When completed, The Mill at Broadway will comprise about 1,000 homes on a 30-acre site that was once home to a century-old sawmill. The development features a mix of condos, a six-unit elevator building and detached single-family homes. The community also features a 4-acre park, a 11,000 sq. ft. community resource center, and a 2.5-acre urban farm and market operated in conjunction with the City of Sacramento.
Developers needed a stormwater management plan that would make efficient use of the real estate and avoid burdening the city’s combined stormwater and sewer system. Planners looked at several permeable road systems, such as pervious concrete pavement, but were unhappy with the aesthetics and maintenance needs of many pervious pavement options. “Some of those systems require regular maintenance (such as by a vacuum truck) and would need to be completely torn up and reinstalled if they were to clog,” explains Rachel Bardis, co-owner of Bardis Homes, general contractor for the project.
The community’s driveways and roadways were constructed with Belgard’s Eco Dublin and Aqua Roc permeable interlocking concrete pavers, which lend an historic Sacramento aesthetic while addressing the stormwater management needs.
“We worked with engineers to design the streets so they’d be an alternative to an above-ground detention basin on the site,” explains Rachel Bardis, co-owner of Bardis Homes, general contractor on the project. “In the event of a 200-year flood, the system can hold back water from the site to keep it from burdening the city’s combined stormwater and sewer system.”
“This type of internal road system isn’t used often in the City,” adds Jim McCurdy, vice president of BKF Engineers, who designed the project’s roads. “This is one of the first projects I’ve seen where the entirety of the road system is this type of material. It’s a great way to achieve the retention criteria we needed.”

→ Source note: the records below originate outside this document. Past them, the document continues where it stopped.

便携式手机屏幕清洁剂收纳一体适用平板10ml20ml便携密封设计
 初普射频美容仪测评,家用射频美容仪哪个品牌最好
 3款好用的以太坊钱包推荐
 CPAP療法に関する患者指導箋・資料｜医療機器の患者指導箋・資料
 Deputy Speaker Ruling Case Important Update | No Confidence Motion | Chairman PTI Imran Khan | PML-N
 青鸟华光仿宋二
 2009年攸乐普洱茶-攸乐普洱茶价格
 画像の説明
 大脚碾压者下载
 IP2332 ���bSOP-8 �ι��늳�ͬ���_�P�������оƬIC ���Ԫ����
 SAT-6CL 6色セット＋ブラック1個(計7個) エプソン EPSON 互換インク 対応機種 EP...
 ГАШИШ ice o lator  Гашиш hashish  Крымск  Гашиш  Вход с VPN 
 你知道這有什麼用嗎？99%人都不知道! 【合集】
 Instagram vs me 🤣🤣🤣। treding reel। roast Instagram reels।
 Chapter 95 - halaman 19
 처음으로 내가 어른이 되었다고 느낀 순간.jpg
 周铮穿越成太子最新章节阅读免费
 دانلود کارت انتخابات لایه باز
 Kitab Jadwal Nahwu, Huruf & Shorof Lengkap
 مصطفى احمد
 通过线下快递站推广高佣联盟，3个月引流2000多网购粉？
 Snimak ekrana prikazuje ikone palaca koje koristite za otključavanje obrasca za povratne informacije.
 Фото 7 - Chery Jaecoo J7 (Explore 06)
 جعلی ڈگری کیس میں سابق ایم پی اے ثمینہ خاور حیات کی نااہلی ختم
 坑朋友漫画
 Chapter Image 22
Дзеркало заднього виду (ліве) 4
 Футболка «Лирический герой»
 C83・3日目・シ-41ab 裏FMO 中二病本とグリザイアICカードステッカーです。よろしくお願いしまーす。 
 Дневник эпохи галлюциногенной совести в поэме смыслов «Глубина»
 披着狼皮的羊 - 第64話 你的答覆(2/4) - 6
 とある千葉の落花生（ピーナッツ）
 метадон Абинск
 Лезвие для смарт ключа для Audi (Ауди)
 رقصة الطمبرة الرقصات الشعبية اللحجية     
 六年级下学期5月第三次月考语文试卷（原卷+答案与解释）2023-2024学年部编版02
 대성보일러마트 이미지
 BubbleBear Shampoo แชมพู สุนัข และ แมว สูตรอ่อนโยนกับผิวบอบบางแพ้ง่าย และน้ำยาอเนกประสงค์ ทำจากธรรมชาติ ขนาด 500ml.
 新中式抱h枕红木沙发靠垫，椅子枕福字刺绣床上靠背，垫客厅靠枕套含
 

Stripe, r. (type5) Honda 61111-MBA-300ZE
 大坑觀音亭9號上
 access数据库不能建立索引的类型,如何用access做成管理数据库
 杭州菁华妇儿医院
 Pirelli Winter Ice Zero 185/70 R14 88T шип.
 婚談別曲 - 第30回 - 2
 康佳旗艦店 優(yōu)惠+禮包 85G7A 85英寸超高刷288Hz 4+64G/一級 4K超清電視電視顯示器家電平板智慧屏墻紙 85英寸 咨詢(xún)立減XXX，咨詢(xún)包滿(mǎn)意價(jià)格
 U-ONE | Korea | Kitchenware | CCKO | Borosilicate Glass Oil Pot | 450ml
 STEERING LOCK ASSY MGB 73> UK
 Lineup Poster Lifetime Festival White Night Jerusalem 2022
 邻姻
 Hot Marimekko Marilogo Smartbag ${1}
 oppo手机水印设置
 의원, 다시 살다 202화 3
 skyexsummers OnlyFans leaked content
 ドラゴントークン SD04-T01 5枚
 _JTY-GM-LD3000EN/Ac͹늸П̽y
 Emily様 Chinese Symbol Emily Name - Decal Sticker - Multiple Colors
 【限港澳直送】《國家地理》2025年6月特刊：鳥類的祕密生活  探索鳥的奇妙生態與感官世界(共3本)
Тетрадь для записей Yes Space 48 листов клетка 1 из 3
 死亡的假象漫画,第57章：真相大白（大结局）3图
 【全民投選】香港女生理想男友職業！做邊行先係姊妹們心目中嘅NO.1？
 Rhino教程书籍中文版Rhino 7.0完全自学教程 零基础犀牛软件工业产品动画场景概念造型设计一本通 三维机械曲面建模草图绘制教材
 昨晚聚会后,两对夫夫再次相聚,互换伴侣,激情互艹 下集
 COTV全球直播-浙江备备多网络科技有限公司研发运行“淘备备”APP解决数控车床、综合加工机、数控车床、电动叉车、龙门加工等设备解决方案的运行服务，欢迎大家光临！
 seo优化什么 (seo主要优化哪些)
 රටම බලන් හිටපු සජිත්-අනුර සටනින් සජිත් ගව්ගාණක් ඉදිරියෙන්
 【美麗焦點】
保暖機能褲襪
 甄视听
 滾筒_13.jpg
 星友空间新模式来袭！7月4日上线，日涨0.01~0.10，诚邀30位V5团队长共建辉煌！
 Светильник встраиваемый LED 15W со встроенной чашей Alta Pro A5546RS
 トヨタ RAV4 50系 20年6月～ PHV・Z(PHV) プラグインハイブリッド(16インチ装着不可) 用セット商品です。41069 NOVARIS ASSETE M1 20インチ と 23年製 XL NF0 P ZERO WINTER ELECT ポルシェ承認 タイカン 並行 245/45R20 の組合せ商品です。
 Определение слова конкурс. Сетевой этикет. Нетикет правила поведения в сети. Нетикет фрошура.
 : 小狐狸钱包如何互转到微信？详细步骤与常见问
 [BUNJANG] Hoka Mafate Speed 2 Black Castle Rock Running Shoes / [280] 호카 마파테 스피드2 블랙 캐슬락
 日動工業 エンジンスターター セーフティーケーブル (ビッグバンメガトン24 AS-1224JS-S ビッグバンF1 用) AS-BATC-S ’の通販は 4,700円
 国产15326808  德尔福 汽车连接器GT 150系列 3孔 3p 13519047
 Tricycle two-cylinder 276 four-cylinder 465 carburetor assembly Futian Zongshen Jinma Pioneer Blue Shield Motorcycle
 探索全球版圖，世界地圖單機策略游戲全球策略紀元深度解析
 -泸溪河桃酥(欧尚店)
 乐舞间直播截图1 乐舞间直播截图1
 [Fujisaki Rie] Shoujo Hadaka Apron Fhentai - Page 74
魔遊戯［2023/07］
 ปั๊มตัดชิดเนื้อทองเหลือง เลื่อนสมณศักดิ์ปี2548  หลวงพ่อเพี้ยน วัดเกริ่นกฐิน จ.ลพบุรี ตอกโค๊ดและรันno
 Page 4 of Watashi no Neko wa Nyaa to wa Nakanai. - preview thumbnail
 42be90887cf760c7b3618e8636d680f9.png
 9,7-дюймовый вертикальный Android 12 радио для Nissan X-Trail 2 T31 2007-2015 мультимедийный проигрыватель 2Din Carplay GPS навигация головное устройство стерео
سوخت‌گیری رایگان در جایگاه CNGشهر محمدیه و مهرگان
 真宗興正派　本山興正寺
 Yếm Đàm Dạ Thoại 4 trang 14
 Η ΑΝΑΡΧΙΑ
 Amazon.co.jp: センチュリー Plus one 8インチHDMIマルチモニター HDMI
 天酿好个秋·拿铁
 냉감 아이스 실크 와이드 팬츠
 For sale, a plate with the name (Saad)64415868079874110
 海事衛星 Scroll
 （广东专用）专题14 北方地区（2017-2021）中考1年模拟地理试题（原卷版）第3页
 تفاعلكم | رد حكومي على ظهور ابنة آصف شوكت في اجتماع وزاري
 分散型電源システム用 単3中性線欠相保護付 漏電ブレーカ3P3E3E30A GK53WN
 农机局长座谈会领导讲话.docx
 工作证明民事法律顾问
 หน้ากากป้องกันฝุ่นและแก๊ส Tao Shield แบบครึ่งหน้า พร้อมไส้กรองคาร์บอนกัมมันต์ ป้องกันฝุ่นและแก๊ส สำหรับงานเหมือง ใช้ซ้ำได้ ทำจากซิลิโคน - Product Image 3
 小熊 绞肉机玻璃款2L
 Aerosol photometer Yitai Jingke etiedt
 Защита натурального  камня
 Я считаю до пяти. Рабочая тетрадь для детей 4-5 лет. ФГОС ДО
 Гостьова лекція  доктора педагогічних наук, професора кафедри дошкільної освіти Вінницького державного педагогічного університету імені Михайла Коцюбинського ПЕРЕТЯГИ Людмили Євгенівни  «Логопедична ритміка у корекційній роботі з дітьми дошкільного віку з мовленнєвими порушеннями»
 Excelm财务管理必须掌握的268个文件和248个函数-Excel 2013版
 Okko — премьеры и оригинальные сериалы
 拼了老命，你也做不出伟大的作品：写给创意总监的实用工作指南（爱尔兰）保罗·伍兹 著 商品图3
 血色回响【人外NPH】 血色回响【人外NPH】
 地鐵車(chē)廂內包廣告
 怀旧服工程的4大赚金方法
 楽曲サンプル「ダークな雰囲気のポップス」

The system relies on rock in a 40 percent void ratio at a depth ranging from 18 to 36 inches to retain stormwater. Below the rock layer is a perforated pipe and liner so the water will eventually drain away. To make sure the water gets to the basin, the Belgard pavers were installed as the road service with one-quarter by 10 stone compacted between them to allow for permeability. The paver selections provided designers the opportunity to mimic Sacramento’s historic cobblestone streets while also giving The Mill at Broadway what Bardis describes as “a more high-end look.” For the roads, the pavers were tumbled for a more rustic look.
“The developer was looking for a more attractive alternative to the usual painted crosswalks, so we also used a paver solution for this. The color and pattern were simply changed at the crosswalks. We really took the versatility of the pavers and ran with it,” says Bardis. She adds that the pavers also help provide safety by slowing traffic through the neighborhood. “Psychologically, pavers are a slowing mechanism. While they’re not bumpy and there’s no physical need to drive slower, people see them and tend to slow down.”
“Belgard hand-stacked the pavers in the designated pattern on the pallet at the factory, tumbling those designated for the road first. On site, the machine picks up a whole cube of patterned pavers from the pallet and puts it in place. Our crew then goes through and laces the sections together and completes the install,” says Brian Camper, owner of California Pavers.